AT&T creates mobile and video giant after sealing DirecTV deal

Shortly after winning FCC approval, AT&T closes its deal to buy the satellite TV provider. DirecTV's video relationships could become key as more content is delivered on mobile devices.

Marguerite Reardon Former senior reporter
Marguerite Reardon started as a CNET News reporter in 2004, covering cellphone services, broadband, citywide Wi-Fi, the Net neutrality debate and the consolidation of the phone companies.
Marguerite Reardon
2 min read

AT&T is now the largest paid-television provider in the country.

The FCC has imposed several conditions on AT&T's acquisition of DirecTV. AT&T

The Dallas telecommunications giant confirmed Friday that it has closed its acquisition of satellite television provider DirecTV for $49 billion.

Combining AT&T's broadband and wireless services with DirecTV's nationwide satellite TV service will create a powerhouse of broadband, entertainment and communications services. AT&T gets access to DirecTV's content deals, such as its package of National Football League games, as well as the ability to deliver those services to everyone across the country. (AT&T only offers its video service to a few states.) DirecTV's video relationships could become key as more content is delivered on mobile devices.
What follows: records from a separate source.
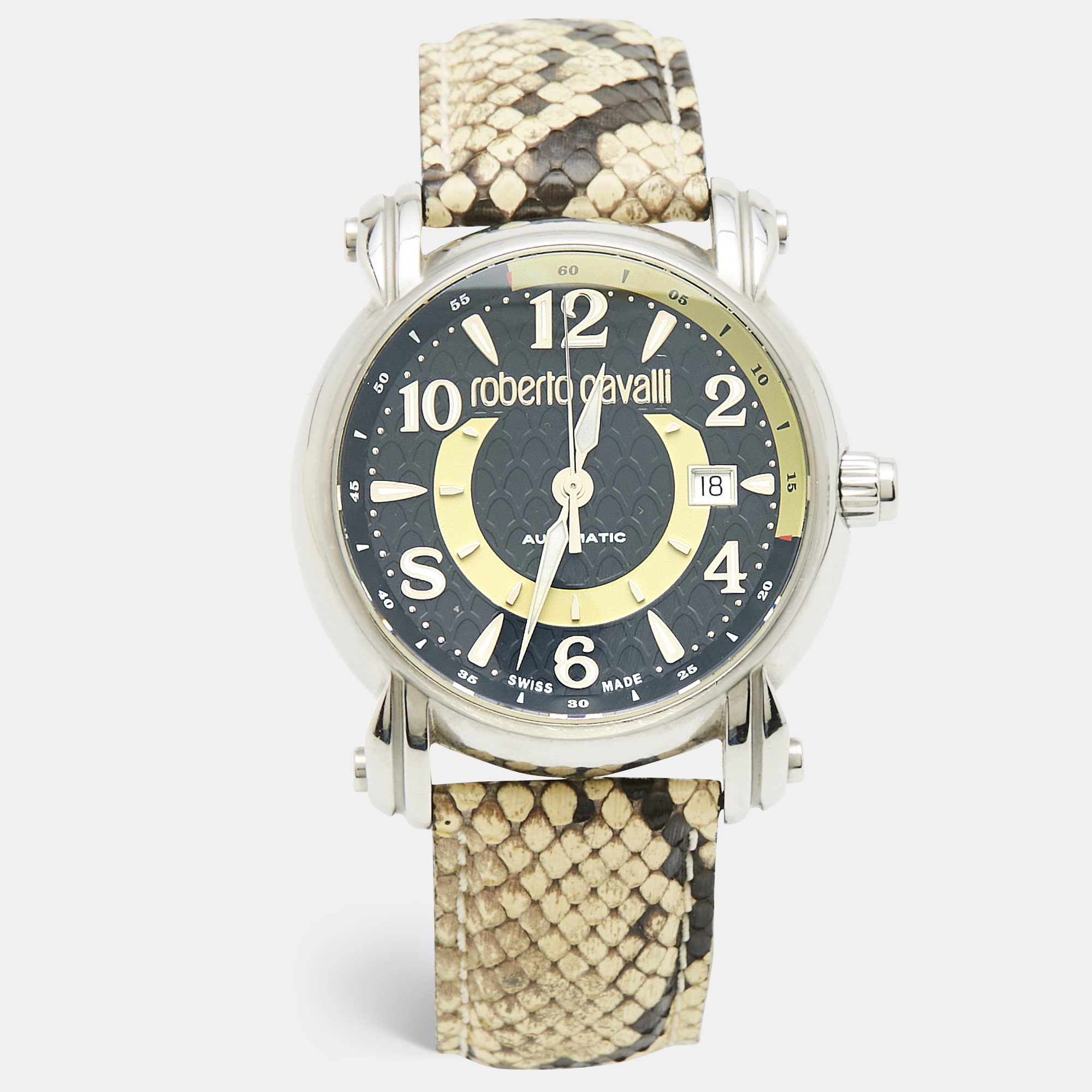 Roberto Cavalli Anniversary R7221172025 Dark Brown Stainless Steel Python Leather Unisex Wristwatch, Multicolor
Roberto Cavalli Anniversary R7221172025 Dark Brown Stainless Steel Python Leather Unisex Wristwatch, Multicolor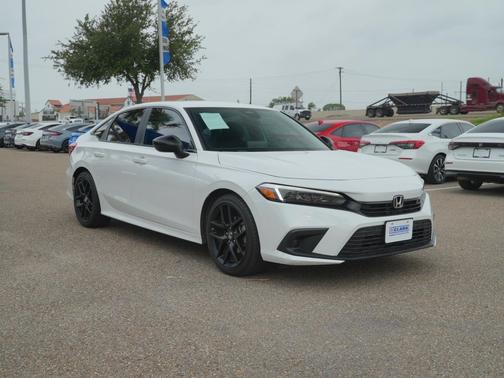 Platinum White Pearl 2024 Honda Civic Sport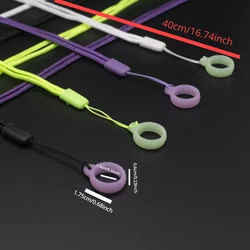 Multi-Color E-cigarette Lanyard,Vape Lanyard, Luminous Silicone Ring Lanyard Elektronik Sigara Lanyard,Secure Your Portable Vape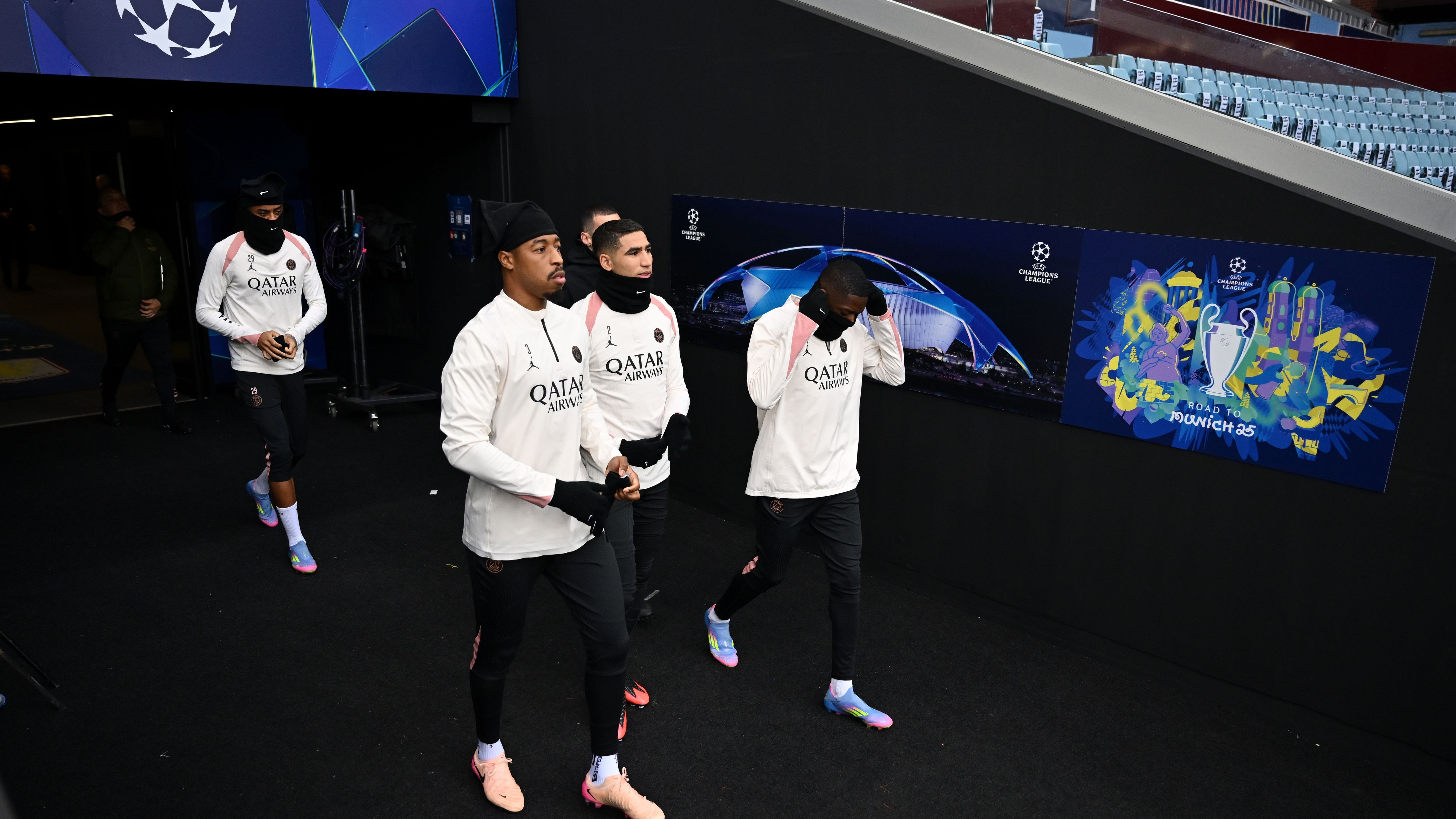 Paris Saint-Germain Training Session And Press Conference - UEFA Champions League 2024/25 Quarter Final Second Leg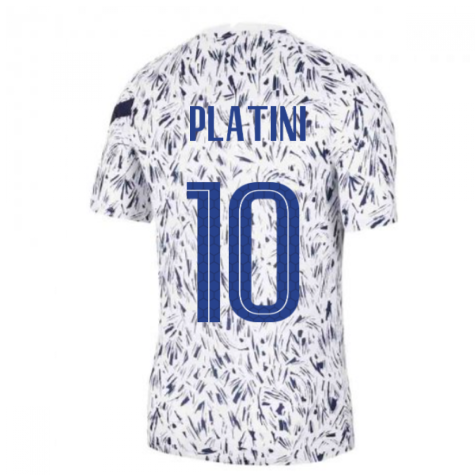 2020-2021 France Nike Dry Pre-Match Training Shirt (White) (PLATINI 10)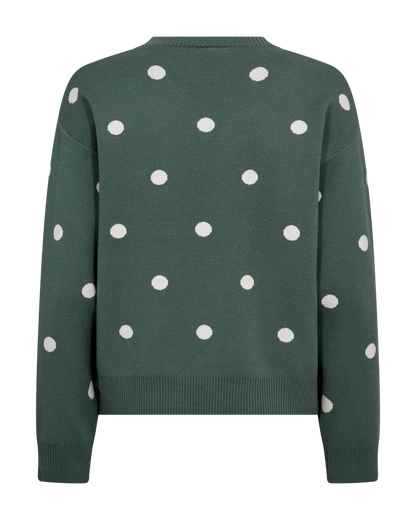 FQFLOW-PULLOVER - Dark Forest m. Star Off-White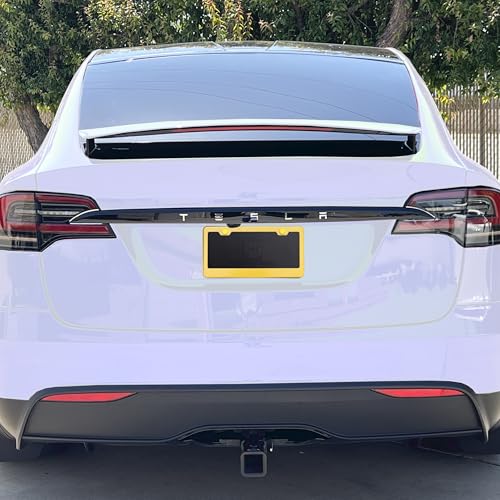 T304 Stainless Steel License Plate Frame – 8K Mirror Polish Finish, Rust-Resistant, Slim Design, Universal Fit, Includes Screw Caps, Washers & Stainless Steel Screws (Yellow) - color: Yellow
"We're now a fundamentally different company with a diversified set of capabilities and businesses that set us apart from the competition," AT&T CEO Randall Stephenson said in a statement.
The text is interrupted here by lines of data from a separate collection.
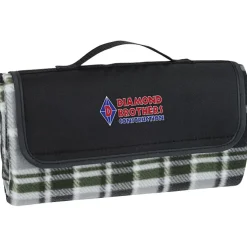 Roll-Up Picnic Blanket - Embroidered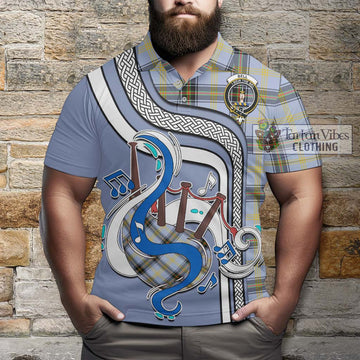 Bell of the Borders Tartan Polo Shirt with Epic Bagpipe Style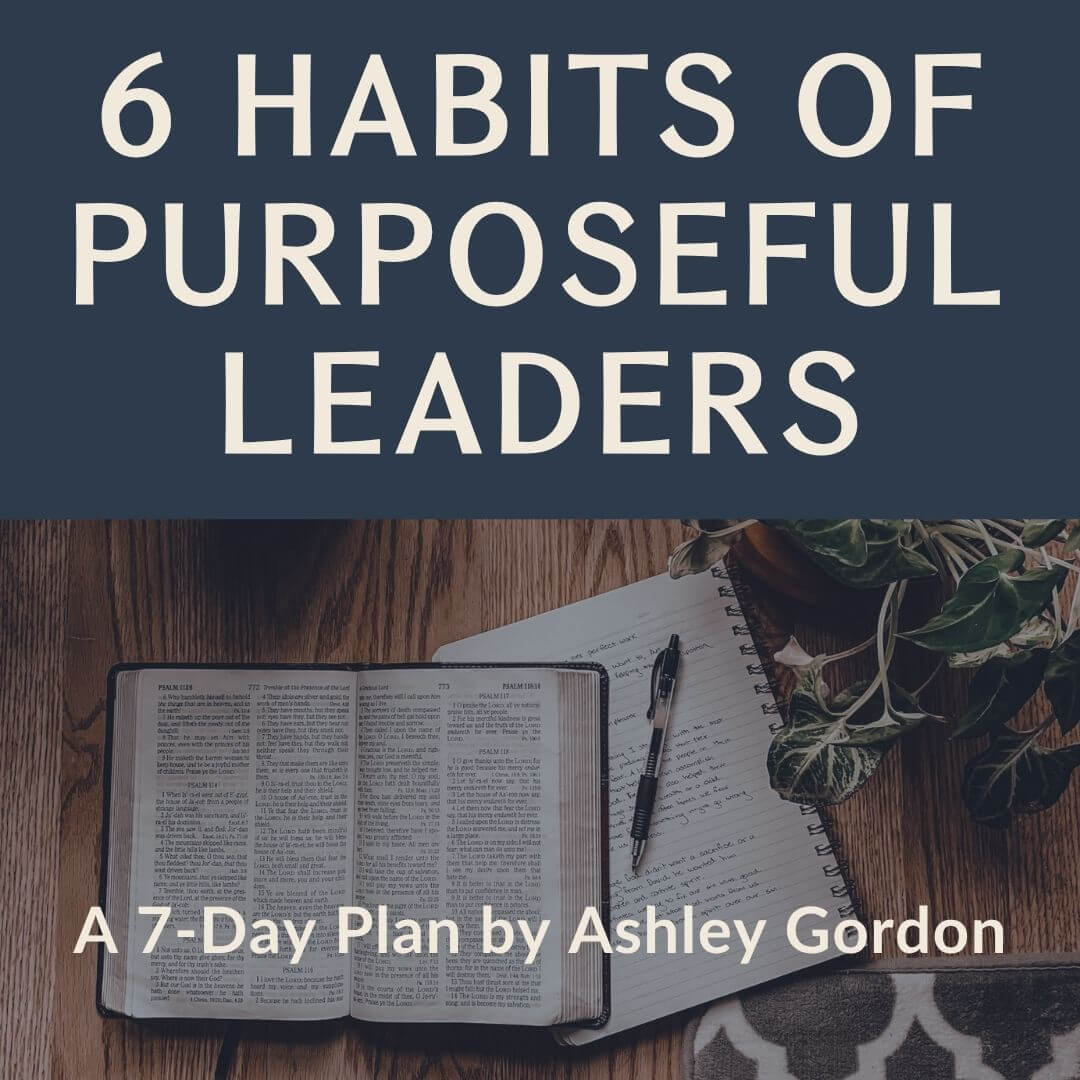 YouVersion Devotional cover for 6 Habits of Purposeful Leaders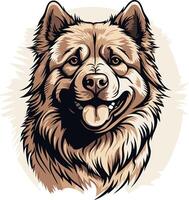 Portrait of a Happy Dog vector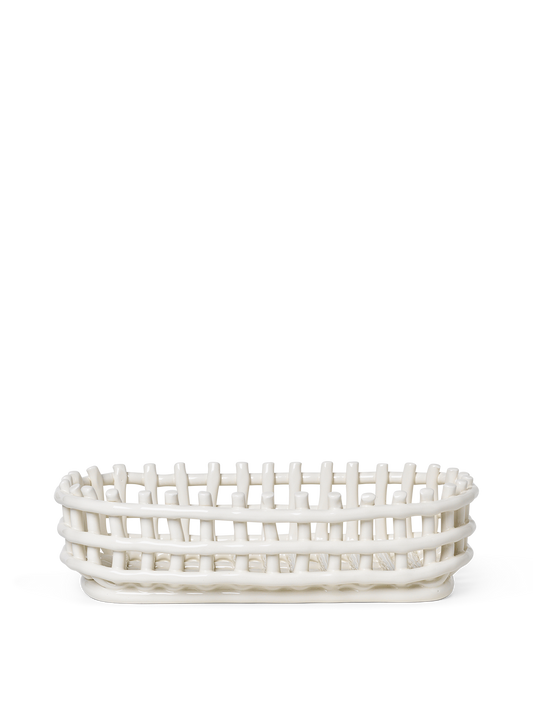 Ferm Living Ceramic Basket - Oval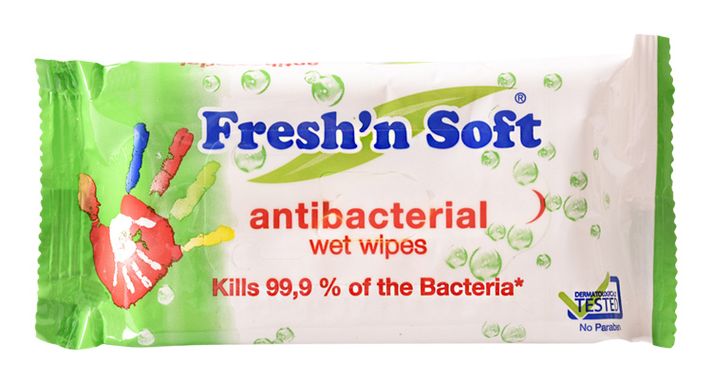 FRESH´N SOFT - Antibakteriálne vlhčené obrúsky 15 ks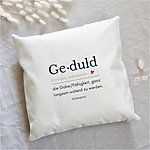 Geduld Definition Kissen Geschenk 1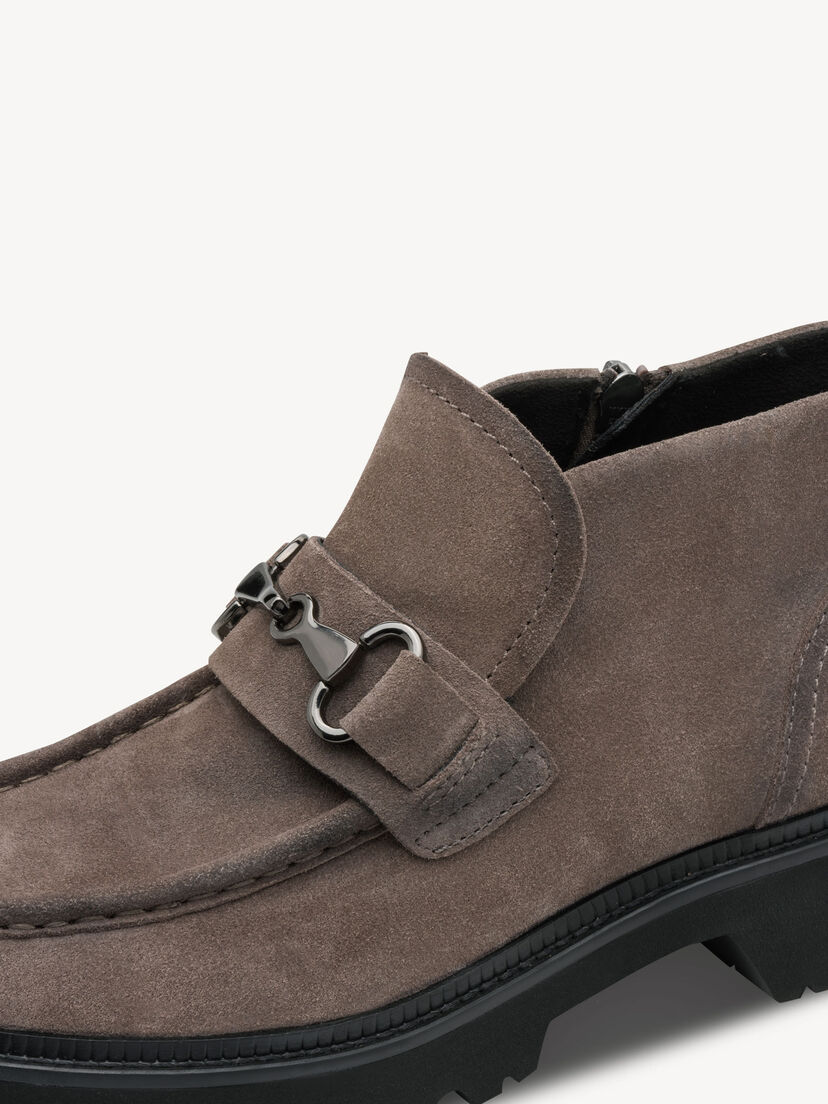 Leren Enkellaarsje - beige, TAUPE, hi-res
The closing of the deal came shortly after the Federal Communications Commission announced Friday that the five-member commission had voted to approve the merger. The Department of Justice also said this week that it would not stop the merger. While both federal agencies had some concerns about the second-largest wireless company buying DirecTV, the concerns were not strong enough to oppose the deal. To mitigate concerns, the FCC imposed several conditions on the merger.

Specifically, AT&T agreed to abide by stricter Net neutrality restrictions than is spelled out in rules the agency passed in February, which are meant to ensure all traffic on the Internet is treated equally. AT&T also agreed to increase the number of customers it plans to serve with its high-speed gigabit broadband service. And it made promises to better serve low-income families and schools and libraries with better broadband access.

The acquisition comes as AT&T looks for ways to diversify its business amid tough competition from wireless competitors in the US as well as cable operators in the broadband and paid-TV markets. The company has gone on a buying spree over the past year as it tries to expand its business into new markets and across borders. Earlier this year it completed the $2.5 billion acquisition of Mexican wireless provider Iusacell and the $1.88 billion acquisition of mobile operator Nextel Mexico.

The Department of Justice, which examines potential antitrust concerns, said earlier this week it approved of the deal. FCC Chairman Tom Wheeler also confirmed in a blog post earlier this week that he was recommending the deal be approved. The vote by the whole commission announced Friday makes the FCC's approval official.

Though the FCC has scrutinized other deals in the communications and media sector, experts had expected regulators to approve the merger. Earlier this year, the FCC and Department of Justice rejected Comcast's $45 billion bid to buy fellow cable operator Time Warner Cable. In 2011, the FCC and Justice Department opposed AT&T buying wireless rival T-Mobile.